Le operatrici sono disponibili e comprensive di fronte alla difficoltà di reagire. Spesso infatti il carnefice è il partner e di lui, nonostante tutto, si può essere ancora innamorate. Capita che la vittima creda ancora di cambiarlo, o peggio ancora si blocchi, vinta dall’idea che non ci sia più rimedio alla violenza. Invece reagire, denunciare, informarsi sui rimedi possibili o anche solo parlare con qualcuno all’altro capo del telefono è utile per se stesse e per la propria vita: quindi è importante alzare la cornetta, parlarne anche in anonimato e convincersi che nessun maltrattamento si merita, la violenza si subisce solamente.
Perché la violenza purtroppo è ancora molto diffusa. Gli ultimi dati disponibili, resi noti dall’Istat relativi all’anno 2006 dicono infatti che nel nostro paese sono più di 6 milioni le donne tra i 16 e i 70 che sono state vittime di una violenza fisica o sessuale nel corso della loro vita. Nella quasi totalità dei casi, i maltrattamenti, consumati tra le mura domestiche, non sono stati denunciati.
L’indagine multiscopo sul territorio italiano ha consentito ai ricercatori di tracciare anche un identikit delle vittime e dei carnefici. Nel 2006 sono state le giovani dai 16 ai 25 anni, il 24,2% del totale delle donne intervistate, a presentare i più alti tassi di violenza. 96 volte su 100 però, non c’è stata alcuna denuncia.
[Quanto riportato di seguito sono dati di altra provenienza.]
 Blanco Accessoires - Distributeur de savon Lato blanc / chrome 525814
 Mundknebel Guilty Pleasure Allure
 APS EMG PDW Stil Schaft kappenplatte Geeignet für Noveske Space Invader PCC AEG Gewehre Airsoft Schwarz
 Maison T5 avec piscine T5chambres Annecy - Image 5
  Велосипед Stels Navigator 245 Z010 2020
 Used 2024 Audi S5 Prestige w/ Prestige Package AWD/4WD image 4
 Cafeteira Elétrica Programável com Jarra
Il carnefice spesso è il partner, o un membro della famiglia, il padre, lo zio, il fratello. Un uomo violento anche all’esterno delle mura domestiche. Una persona che tende all’alcoolismo e che ha subito o assistito a violenze nella sua famiglia d’origine. I maltrattamenti all’interno delle mura domestiche sono per lo più gravi. Molte donne, pur avendo difficoltà a denunciare l’accaduto, durante la violenza, dichiarano di aver temuto che la propria vita fosse in pericolo. In seguito hanno perso l’autostima e la fiducia in se stesse, ingredienti utili per reagire.
L’Istat nella sua indagine si sofferma anche sui diversi tipi di violenza contro le donne: fisica, sessuale e psicologica, dentro e fuori dalla famiglia. Le minacce di colpire fisicamente una donna, le spinte, gli strattoni, le botte, i calci e i pugni fino ai tentativi di strangolamento, ustione e soffocamento, rientrano nei casi di violenza fisica. Si parla invece di violenze sessuali se la donna è costretta a fare o subire atti sessuali contro la propria volontà. La violenza psicologica infine si riferisce a denigrazioni, controllo dei comportamenti, strategie di isolamento, intimidazioni e limitazioni economiche subite da parte del partner.